Gerichtsverhandlungen per Videoübertragung – Dank der Corona-Krise erwacht eine fast zwanzigjährige Rechtsvorschrift aus dem Dornröschenschlaf zum Leben.
Eigentlich handelt es sich bei § 128a ZPO um eine Vorschrift, mit der ich praktisch seit Beginn meiner Anwaltstätigkeit im Jahr 2000 schon einmal hätte in Berührung kommen können, ja vielleicht sogar müssen. Schließlich wurde § 128a ZPO schon 2001 in Kraft gesetzt.
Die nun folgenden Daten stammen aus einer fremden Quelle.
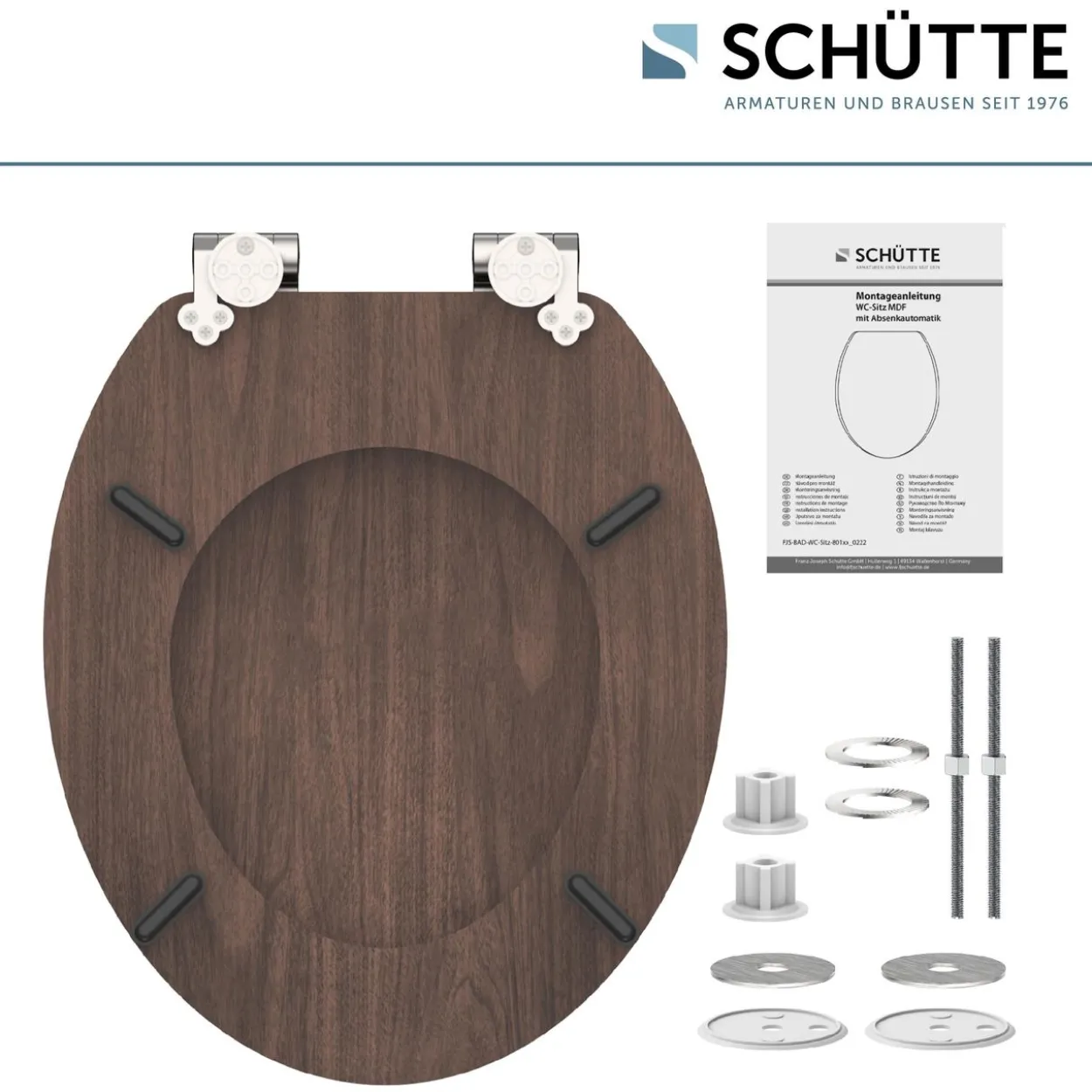 MDF WC-Sitz DARK WOOD
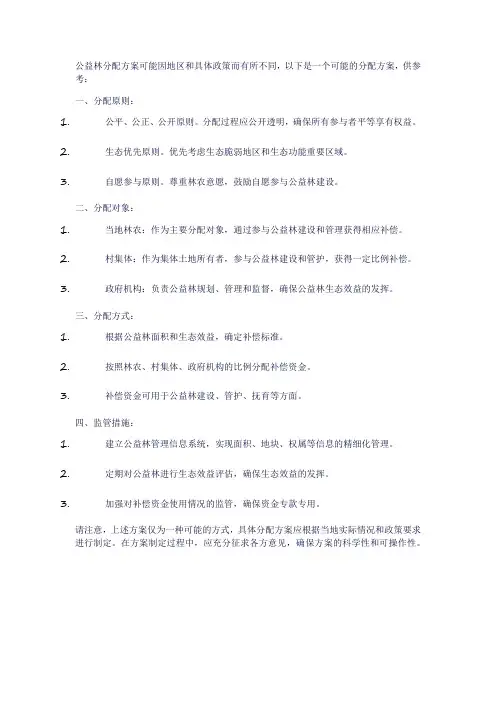 公益林分配方案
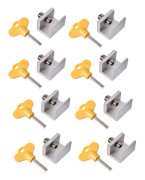 Fönsterlås, 8-pack aluminium skjutbara fönsterlås, justerbara Fr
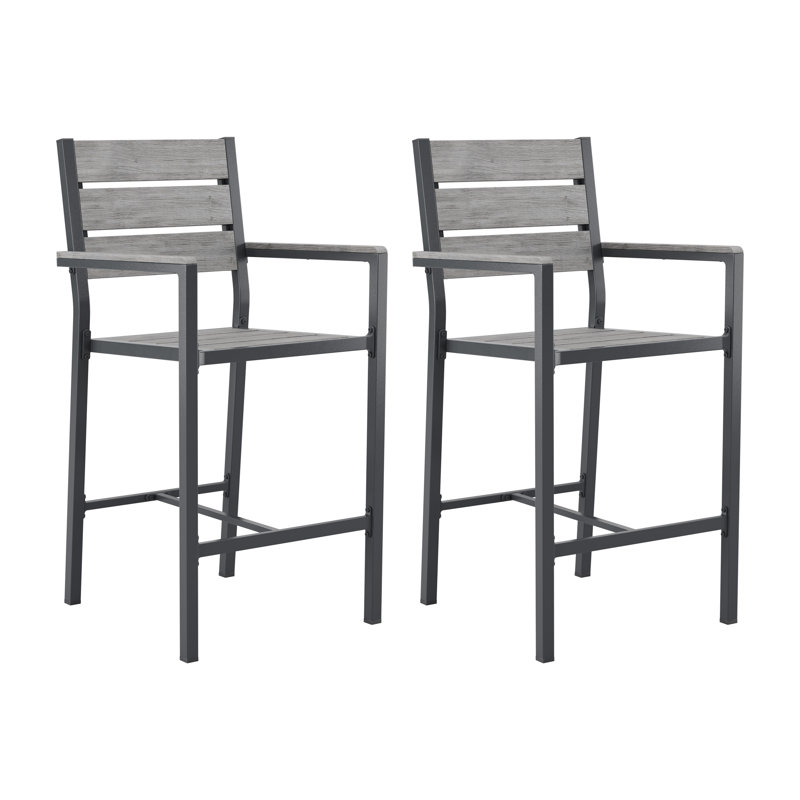 Tabouret de bar 26,75 po Ellenton, Noir/gris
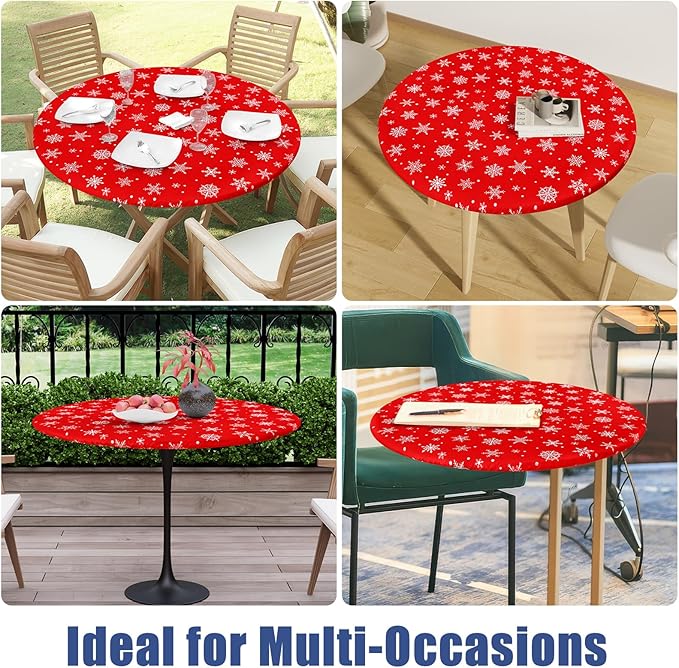 Round Spandex Christmas Tablecloth, Elastic Fitted Waterproof Tablecloths for 45"-56" Tables, Stretch Washable Picnic Table Cover for Christmas Dinner, Dot Snowflake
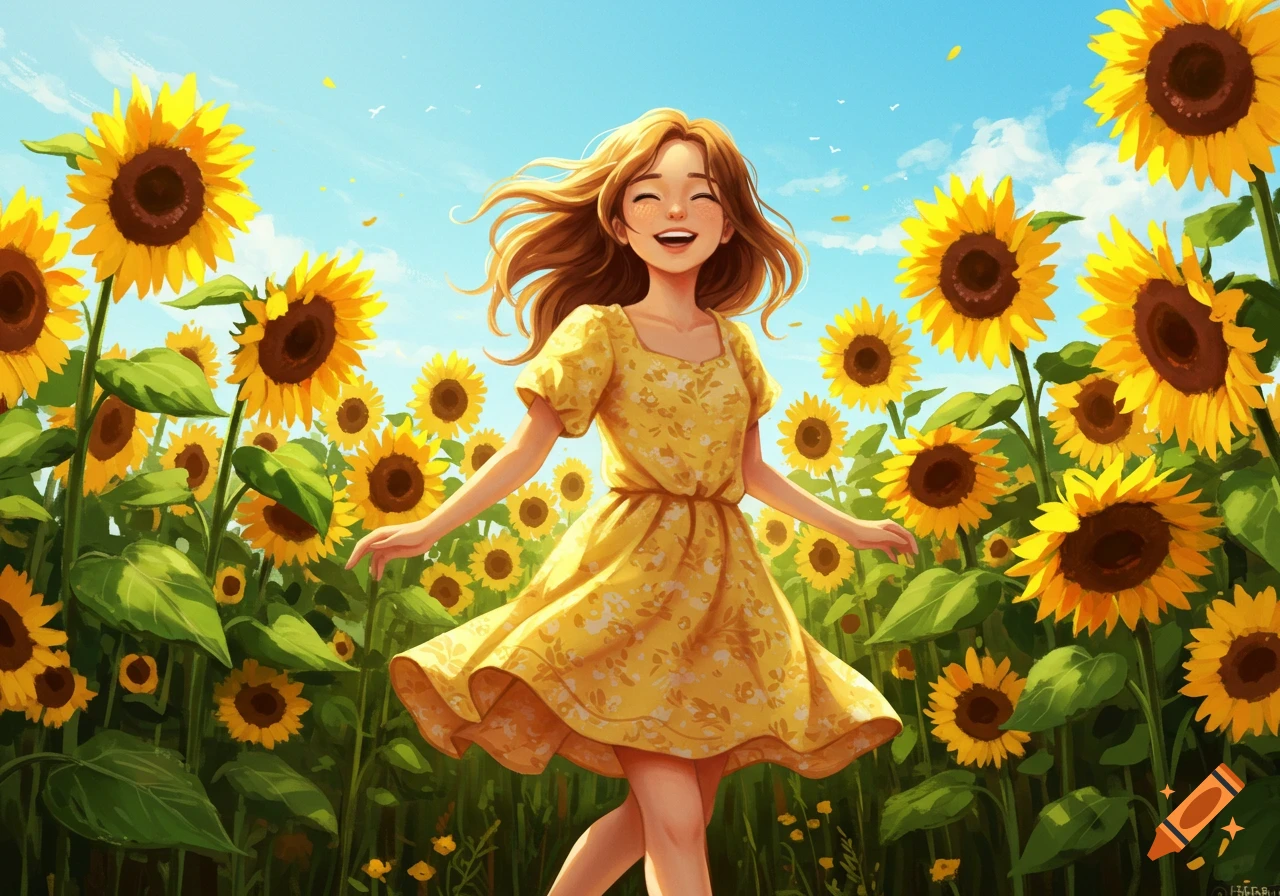 A happy girl in a yellow dress runs joyfully through a field of vibrant sunflowers under a bright blue sky, in an animated style.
Dennoch habe ich diesen Paragrafen nie in der praktischen Anwendung erlebt. § 128a ZPO lag praktisch im Dornröschenschlaf.
Wie die Überschrift schon verrät, ermöglicht § 128a ZPO dem Zivilgericht, eine Gerichtsverhandlungen per Videoübertragung mit den Prozessbeteiligten zu führen. Dennoch wurde in der Vergangenheit von dieser Vorschrift so gut wie nicht Gebrauch gemacht. Jedenfalls ist mir kein einziger konkreter Fall bekannt geworden, in dem ein Zivilgericht auf diese Art und Weise eine Verhandlung geführt hätte.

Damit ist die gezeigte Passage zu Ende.